Alışkın olduğumuz Atiba bu. Amacı net: Savunma ve Oğuzhan arasında köprü olup Sosa-Oğuzhan bağlantısını sağlamak.
Geride bıraktığımız haftada ise Atiba’nın bu bağlantı rolünün üstüne üçüncü bölgede ne kadar aktif olduğunu görebiliyoruz. Bu sezon Atiba’nın dikine top sürüp rakip ceza yayında asist kovaladığını hatta ceza sahasında duvar olup asist yaptığına şahit oluyoruz.
Hatırlatmakta fayda var maçları ince eleyip sık dokuyarak seçmeye gerek yok çünkü iki sezonun da geride kalan maçlarına baktığınızda aynı fotoğraf çıkıyor.
Anca Beraber Kanca Beraber.
Önlerinde bir oyun kurucudan öte ikinci forvetin bulunması Atiba ve Oğuzhan iş birliğinin artmasını ve ortak hareket etmelerini sağlıyor. Sırasıyla Oğuzhan ve Atiba’nın 77.2 ve 75.3 maç başına pas ortalamasıyla ligin zirvesinde bulunmaları tesadüf değil. Bu ikiliye maç başına 64.6 pas ortalamasıyla Marcelo da katılınca Beşiktaş’ın sezon boyunca %59 ortalamayla topa sahip olduğunu görüyoruz. Özetle Atiba ve Oğuzhan birlikte fark yaratıyor. Üstelik bu ikili salonda seyrettikleri basketbol maçlarında bile ayrılmıyor çünkü Oğuzhan’ın yeri Atiba’nın yanı.
Beşiktaş’ın elinde Talisca gibi bir hücum silahı olduğu sürece onda ısrarcı olmasından doğal bir şey yok ancak Atiba ve Oğuzhan’ın oyun yükünü kaldıramayacağı maçlarda da Şenol Güneş’in elinde Necip, İnler ve Tolgay gibi isimler var.
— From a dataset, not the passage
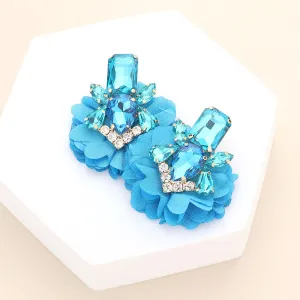 Elegant Multi Aqua Blue Stone Embellished Fabric Cluster Pageant Earring | Runway Earrings | 582789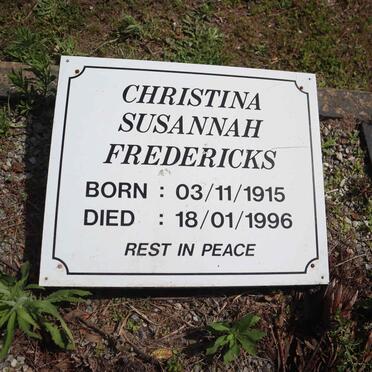 FREDERICKS Christina Susannah 1915-1996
Nitekim Güneş bazı önemli maçlarda Talisca’yı hamle olarak yanında bulundurarak da bunu düşündüğünü gösteriyor.
Önümüzdeki sezon Talisca’nın bonservisinin alınamayacağı bir gerçek ancak Beşiktaş +1’lik kiralık opsiyonu kullanabilecek mi? Şenol Güneş bu modelden memnun mu? Talisca’nın yerine gerçek bir oyun kurucu alıp Talisca’yı da hamle amaçlı kiralamak orta yol gibi gözüküyor ancak ana plandan çıkan Talisca buna sıcak bakar mı? Kısacası Şenol Güneş’in sezon sonunda kafasını kurcalayacak çok soru var.